Groins are structures that jut out from the beach. The network of groins along Palm Beach’s coast was built from the 1930s forward to trap sand and help prevent erosion, officials said.
The council voted March 4 to approve the plan for Griffin’s groin rehabilitation project to move forward, but not without lengthy discussion about the process and whether the groin proposal should go to the town’s Shore Protection Board for review.
Council President Bobbie Lindsay and President Pro-Tem Lew Crampton voted against the request for the pair of properties Griffin owns at 1247 and 1265 S. Ocean Blvd. through a pair of companies, Blossom Way Holdings LLC and Providencia Partners LLC. Council members Ted Cooney and Bridget Moran voted in favor, and with council member Julie Araskog absent, Mayor Danielle Moore voted to approve the plan and break the tie.
As the groins in Palm Beach have aged, they have deteriorated and become less effective, town staff said.
Griffin plans to replace all four of the groins along his beachfront.
Altogether, hedge fund manager Griffin has amassed about 27 acres of land on the South End. Part of that property is where he is building a 44,000-square-foot estate with a mansion for his mother on 8 acres. Before the March 4 meeting, town staff in a memo to council recommended approval of the rehabilitation work, which will be done under the town’s beach management agreement with the Florida Department of Environmental Protection. The work also would be completed under Palm Beach’s U.S. Army Corps of Engineers permit, for which the town in December requested a five-year extension, according to an Army Corps public notice.
Griffin will pay for all of the work, hire the contractors and get any necessary easements, and Palm Beach will not take on any liability, staff said.
It’s unclear who owns the groins because of a lack of records, and the groins themselves often sit on a mix of private property and state land, town staff said in a memo to council.
About a decade ago, Palm Beach evaluated all the groins along its Atlantic shoreline, including what it would take to rehabilitate all of them, said Paul Brazil, the town’s director of public works.
The council at that time chose not to do the proposed work because of the cost and the potential liability, he said.
Instead, Brazil said, the council decided that if there was a property owner or group of owners who wanted to take on the task of rehabilitating the groins along their beach, they could work under the town’s permit and town staff would help to facilitate that.

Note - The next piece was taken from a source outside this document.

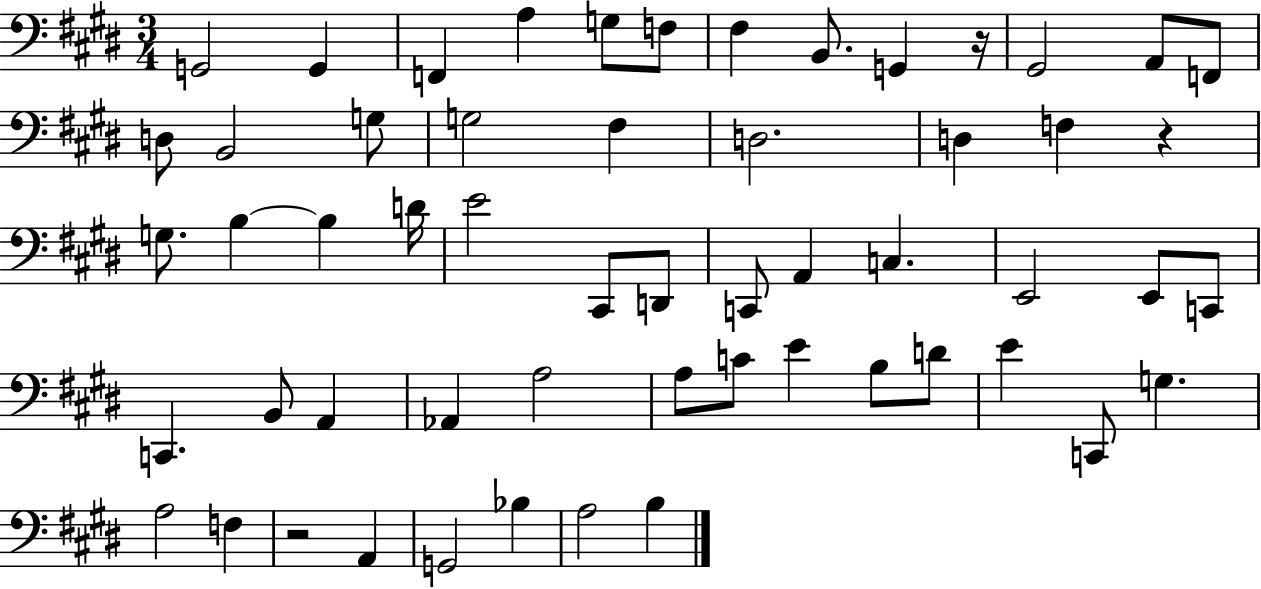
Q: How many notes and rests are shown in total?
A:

“But it should be at no cost to the town and the town shouldn’t inherit any new liability for doing it,” he said.
Griffin appears to be the first property owner to undertake that process. The new groins cannot trap and hold more sand than the existing structures, Brazil said. “They’ll perform exactly as the existing ones do, but the deterioration will stop,” he added.
Griffin enlisted Thomas Pierro of Coastal Protection Engineering, who has been a Palm Beach consultant for years and is “best-suited to do the work,” Brazil said.
When the town applied for its Army Corps permit, it submitted information about how all of the groins in Palm Beach perform.
Crampton, who lives on Palm Beach’s South End, said the Shore Protection Board should have an opportunity to review and opine on the proposal. He suggested the project return to the council in April for another review. But Moran said she did not see where the shore board would “add value” to the process.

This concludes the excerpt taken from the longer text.